MALAYSIA – Palm oil tumbled below 2,000 ringgit ($633) a metric ton for the first time in more than five years as forecasts for a record U.S. harvest of soybeans used to produce alternative oil threaten to curb demand.
Futures dropped as much as 2.5 percent to 1,989 ringgit on the Bursa Malaysia Derivatives, the lowest level since March 2009, and closed at 2,000 ringgit in Kuala Lumpur. Prices are down 25 percent this year, heading for the third annual decline in four years.
Palm entered a bear market last month as favorable weather boosted the outlook for U.S. soybean crops, estimated to be the largest ever. Futures also slumped as demand for biofuels missed expectations and forecasts for an El Nino weather, which can disrupt supplies, were scaled back.
The Department of Agriculture may raise its soybean output estimate next month, said Gnanasekar Thiagarajan, head of trading and hedging strategies at Kaleesuwari Intercontinental Singapore.

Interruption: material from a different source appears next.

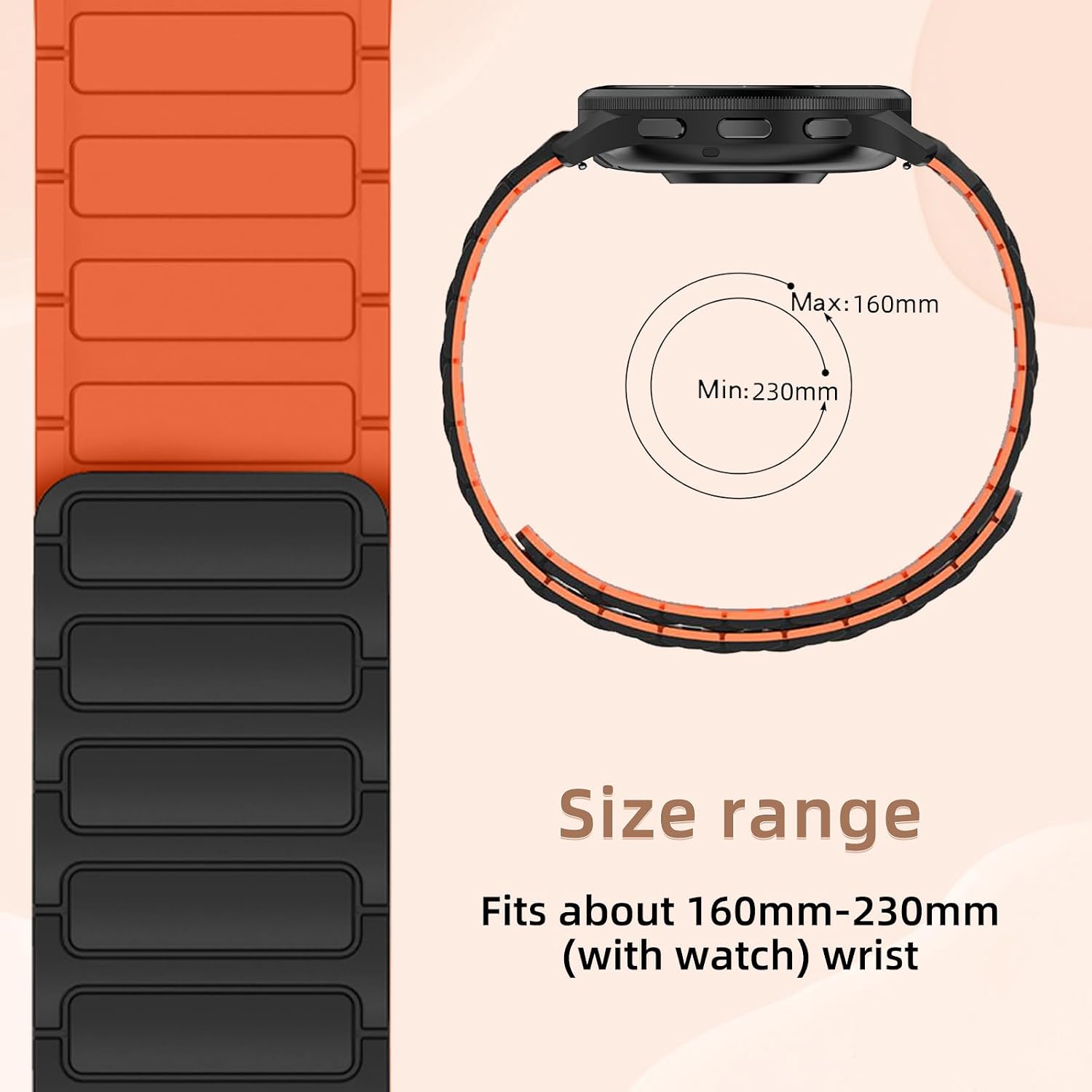 Thumbnail 3 de RosMank 22mm Silicone Watch Band with Magnetic Closure for Garmin and More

“This is probably the biggest supply that we have seen for U.S. soybeans and this is weighing on other oilseeds and palm is indirectly affected by this,” said Alvin Tai, an analyst at RHB Investment Bank Bhd. in Kuala Lumpur.
“The weakness probably won’t last beyond September. We have peak production coming up in September, so after that production will start to taper off,” he said, referring to palm oil.
Production in Malaysia may reach a record 19.7 million tons to 19.9 million tons, while Indonesia’s output may total an all-time high of 30.5 million tons or more this year, according to Dorab Mistry, director at Godrej International Ltd. The two Southeast Asian producers together account for 86 percent of world supplies.
Palm oil may drop to 1,700 ringgit in the coming months if the USDA raises soybean estimates, said Gnanasekar.